RECORDS FOR THE EXERCISE -

☆ ☆ ☆ ☆ ☆

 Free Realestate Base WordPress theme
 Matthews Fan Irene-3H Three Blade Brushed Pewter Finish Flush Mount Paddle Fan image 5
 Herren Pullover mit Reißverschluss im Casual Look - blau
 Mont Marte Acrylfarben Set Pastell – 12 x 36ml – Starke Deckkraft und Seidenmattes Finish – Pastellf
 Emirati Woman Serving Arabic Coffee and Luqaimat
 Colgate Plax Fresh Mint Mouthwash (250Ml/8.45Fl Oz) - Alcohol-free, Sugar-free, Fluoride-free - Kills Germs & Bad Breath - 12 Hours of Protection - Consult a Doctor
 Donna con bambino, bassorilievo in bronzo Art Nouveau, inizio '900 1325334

☆ ☆ ☆ ☆ ☆

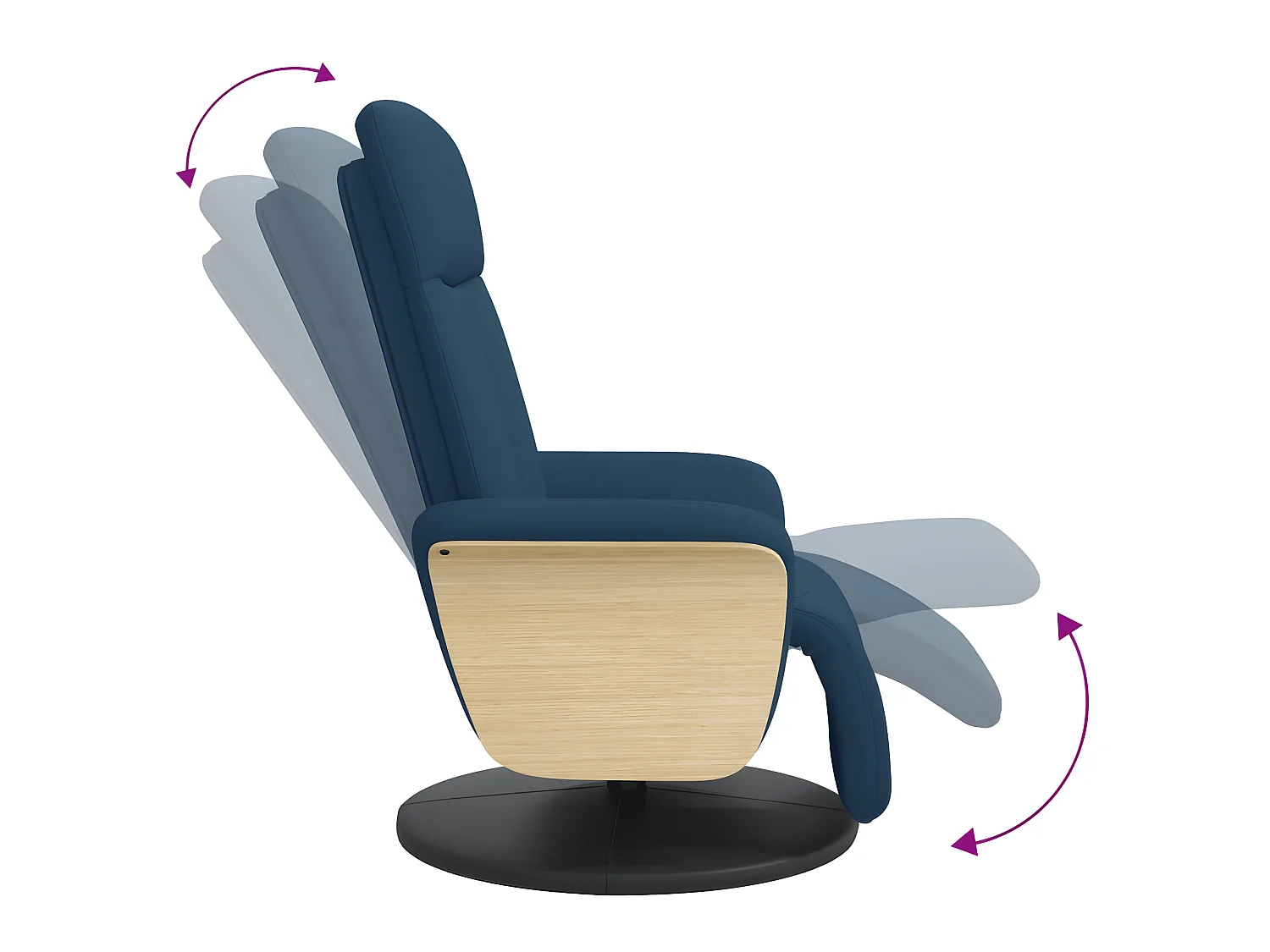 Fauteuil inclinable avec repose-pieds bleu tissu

☆ ☆ ☆ ☆ ☆

WORK REQUIRED -
On how many lines of the data does the word "Finish" appear? Reply with the number alone.

TASK OUTPUT -
2